Laut der Jakarta Post vermuten die Behörden, dass die Verantwortlichen für die Anschlagserie von einem anderen Teil des Inselreichs nach Sulawesi kamen. Es seien wohltrainierte Fremde, die sich einiger Einheimischer bedient hätten. Zwei Verhaftete stammen, wie mitgeteilt wurde, aus Ostjava, aus der Gegend, wo die Bali-Attentäter Amrozi, Ali Imron und Ali Ghufron herkommen. Andere sind einheimische Muslime.

Hohe Polizeibeamte versprachen am Wochenende eine intensivierte Jagd auf die Täter in den Dschungel- und Hügelgebieten der grossen Insel, um die Ausbildungslager zu finden.

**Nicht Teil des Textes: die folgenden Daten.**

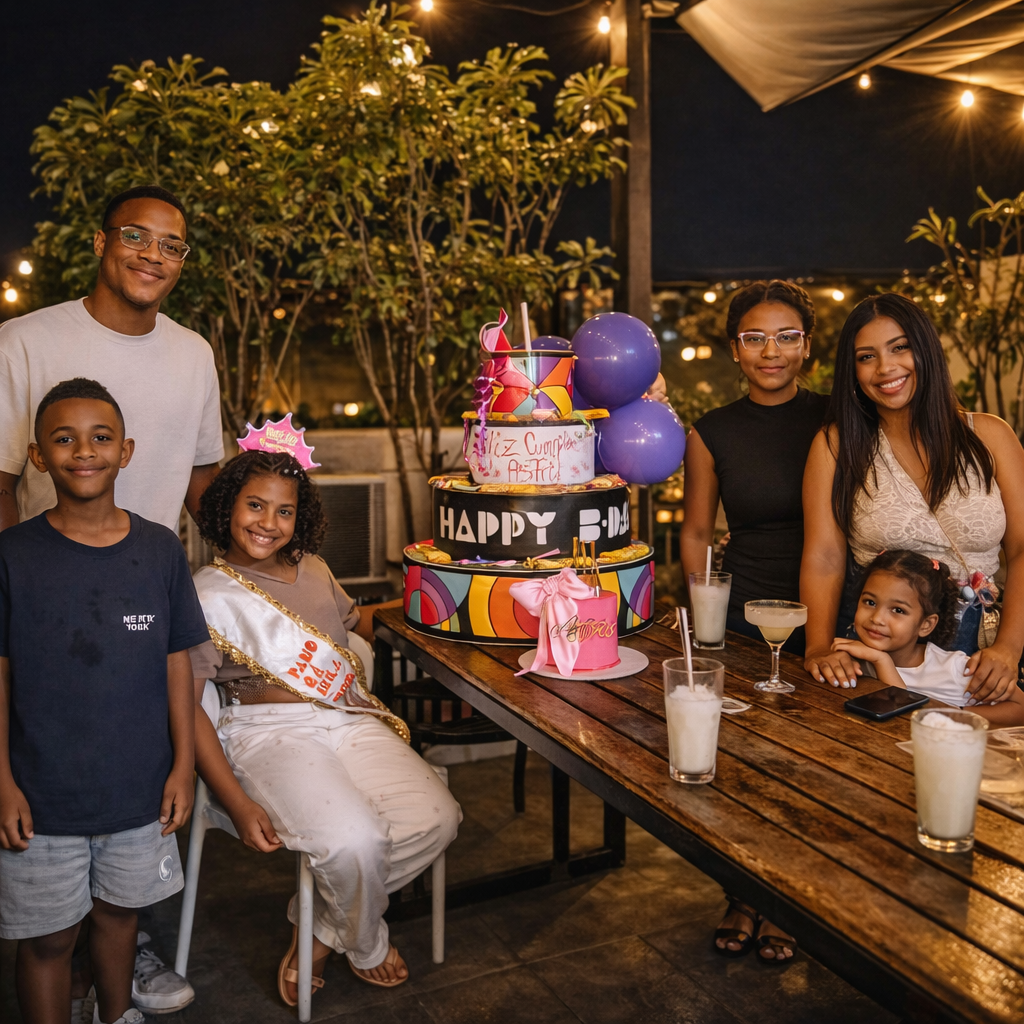 Grupo celebrando cumpleaños en Cartagena en Terraza Panorámica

Lange christliche Tradition auf Sulawesi

Auf Sulawesi, wo christliche Kirchen seit vielen Generationen heimisch sind, waren zwischen 1999 und 2001 etwa 2'000 Personen bei Überfällen und Kämpfen zwischen Jihad-Milizen und christlichen Selbstschutzgruppen ums Leben gekommen. Der indonesische Wohlfahrtsminister Yusuf Kalla vermittelte Ende 2001, nach der Vertreibung Tausender von Christen aus ihren Dörfern, ein ‘Friedensabkommen’ zwischen den Jihad-Milizen und den Christen. Kalla verneinte, dass die Täter aus diesem Umfeld extremistischer Organisationen stammten. Die Anschläge seien „von einer gewissen Gruppe” gut geplant und verübt worden.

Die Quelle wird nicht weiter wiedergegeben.